Maybe so we don't stretch this thread into oblivion you can start emailing dates you are free and would like to do it. If anyone has a better way of doing it, I'm listening. If not, just include your name and the date(s) and I guess an approximate time.
Come on folks, I know we are all busy but...we can do this.
[email protected]


----------



## Kelly-05 (Feb 11, 2012)

Bumping.
One reply so far. Looking for more.
Sorry to the rest of the forum folks for bumping.


----------



## RichM921 (Jul 30, 2011)

Sundays won't work for me since I work all day every Sunday. Any Saturday is fine. Sounds fun and lookin' forward to it!


----------



## Kelly-05 (Feb 11, 2012)

Awesome Rich. That's three of us so far. Sent out some PM's to try and alert a few others.
Do you mind shooting me an email Rich? So I can keep closer notifications when we are ready.


----------



## Kelly-05 (Feb 11, 2012)

What I have so far that will work..... Aug 4th, Aug 11th and Sept 1st.

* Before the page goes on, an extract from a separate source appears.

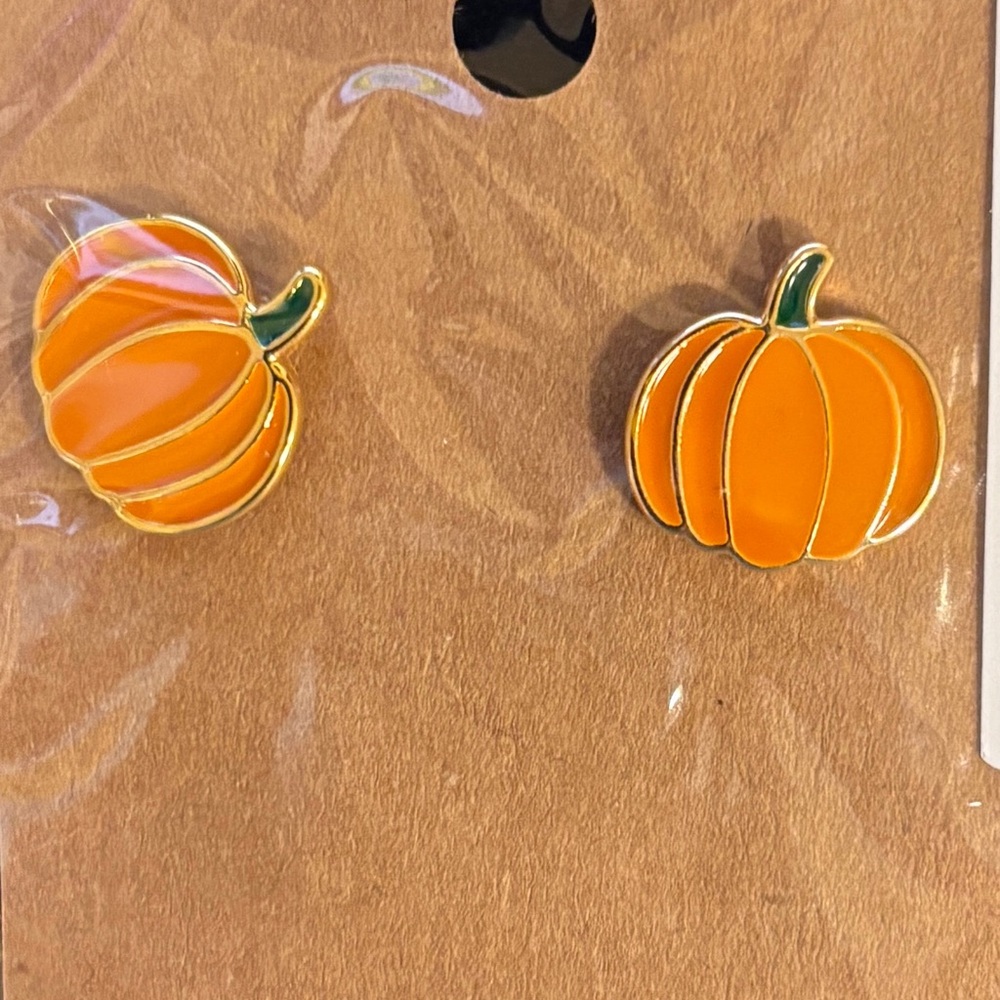 Fall - Pumpkin Enamel Pins - (#2078)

Waiting to hear back from a couple more and we will settle on one. Looking forward to this! Lets meet up and have some fun.

What are the other forums that we can put a message up on?? I have only ever been on this one.

EDIT: I posted on LS1GTO.com


----------



## Kelly-05 (Feb 11, 2012)

We have one more from LS2GTO.com

So far it's Derek, Rich, Ray and myself. I'm fine if that's what we start with.
Lets give it a little bit more and pick one of the dates above.


----------



## RBC's2005GTO (Dec 19, 2011)

any one of you drive a black 05? possibly works at the plants in oak ridge and lives in knox. i see it almost weekly near solway coming and going towards the plants.


----------



## Kelly-05 (Feb 11, 2012)

Trying to get the 4 or 5 of us together this Saturday for a run up to Pigeon Forge, lunch/brunch whatever. As long as it doesn't rain.
Sorry for short notice but it's summer and the days available are few between all of us.


EDIT: It has to be after 4 oclock sometime. So maybe dinner

[email protected]


----------



## RBC's2005GTO (Dec 19, 2011)

i'd do it. i have driving school for a ticket  but ill be done by 1pm. 

[email protected] 

-Blake


----------



## Kelly-05 (Feb 11, 2012)

Awesome Blake. Looks like 5 of us, very good. 
I'll get the location today where we are going to meet up.
Some have expressed if it rains, we will cancel.
Also, a couple of us are bringing our wives.


----------



## Kelly-05 (Feb 11, 2012)

We are up to 6 cars now :willy:


----------



## RBC's2005GTO (Dec 19, 2011)

where and when are we meeting up? has it been decided yet?


----------



## Kelly-05 (Feb 11, 2012)

Final details. 
Sorry but we are all communicating through different avenues making it time consuming.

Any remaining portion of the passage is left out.